Exercise objective
Copy out the data from the line containing "Midnight Blue Metallic" to its last line, exactly. No pictures.

Data provided: Begin

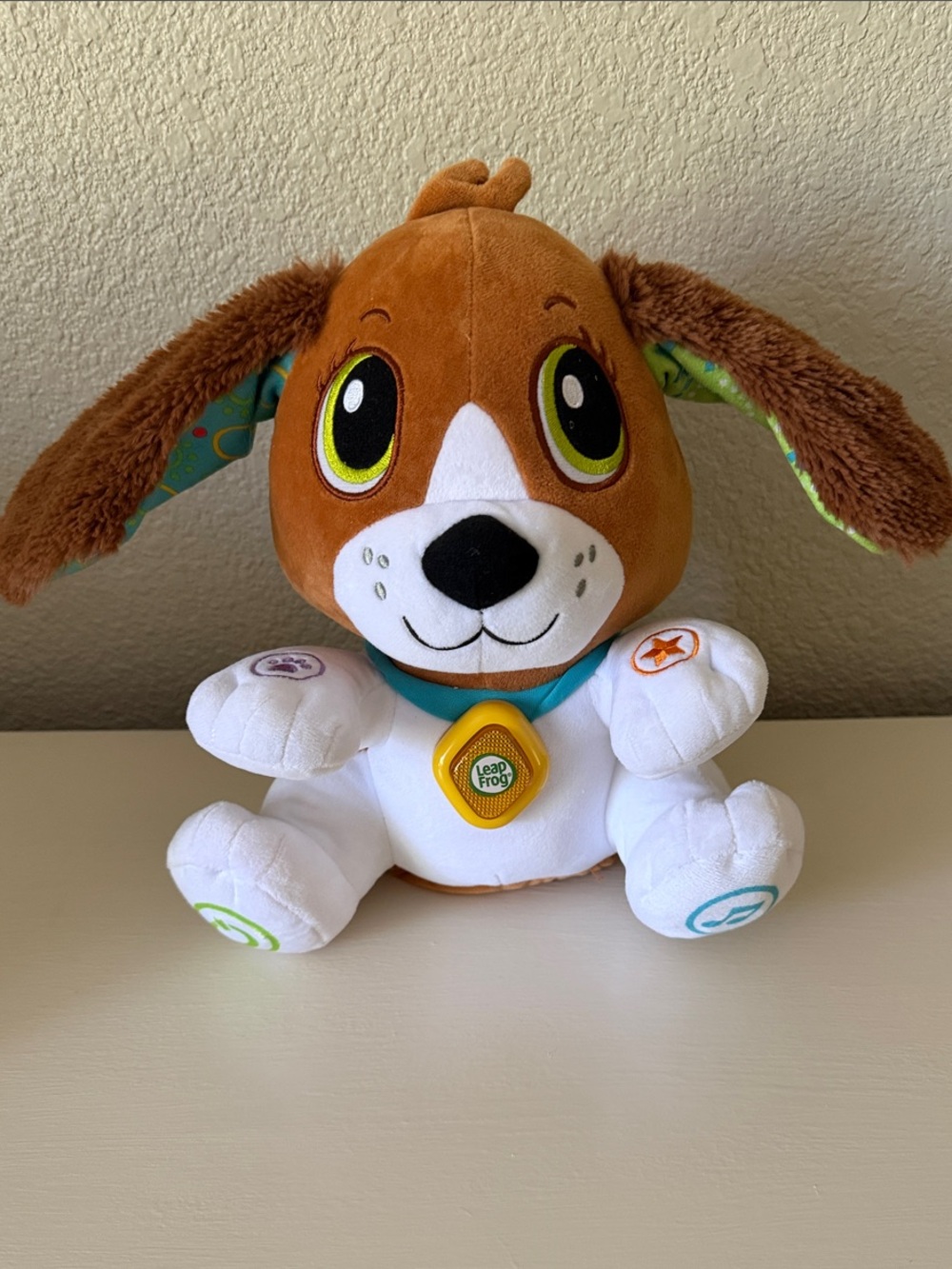 LeapFrog Baby/Toddler Speak & Learn Brown & White Plush Puppy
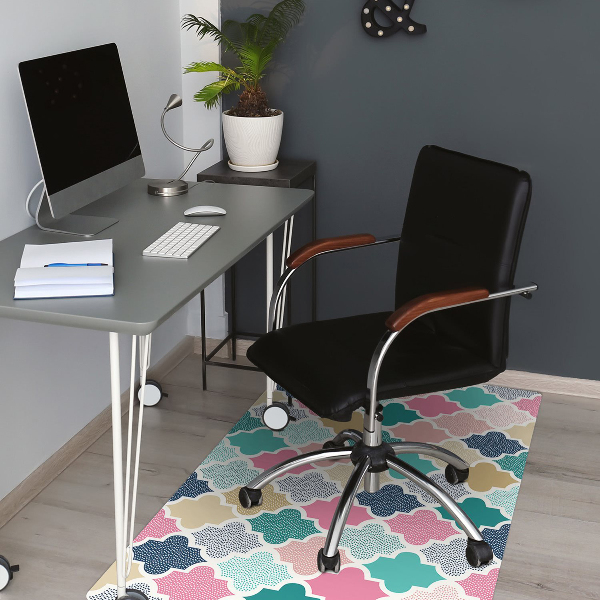 Tapis bureau Modèle coloré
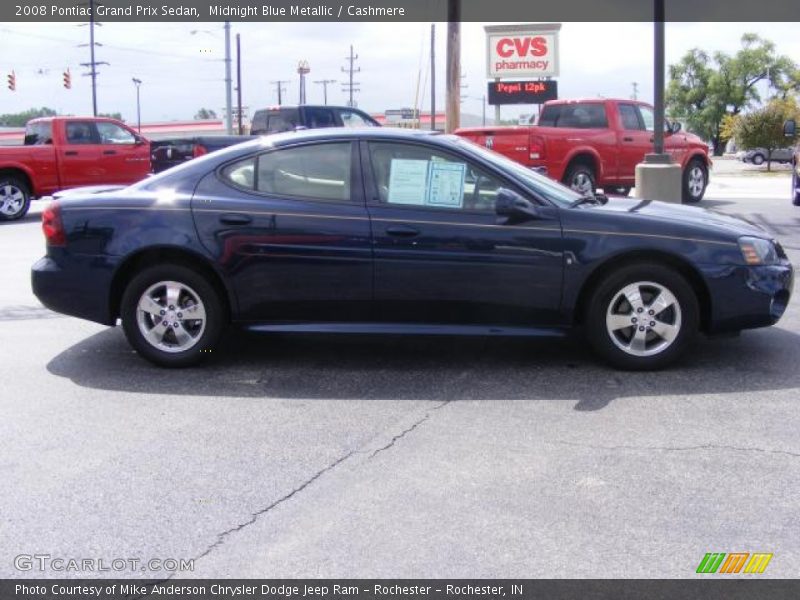 Midnight Blue Metallic / Cashmere 2008 Pontiac Grand Prix Sedan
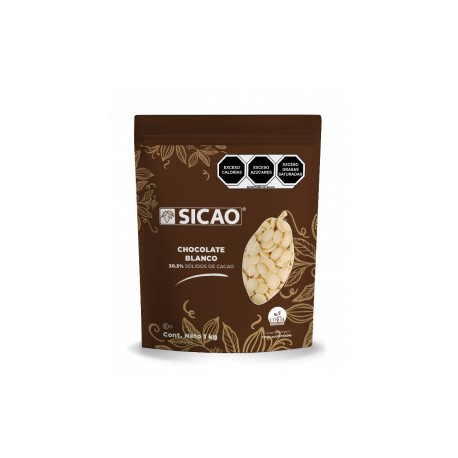 Sicao Chocolate Blanco Botón Diferentes Presentaciones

Data provided: End

The answer
 Midnight Blue Metallic / Cashmere 2008 Pontiac Grand Prix Sedan
 Sicao Chocolate Blanco Botón Diferentes Presentaciones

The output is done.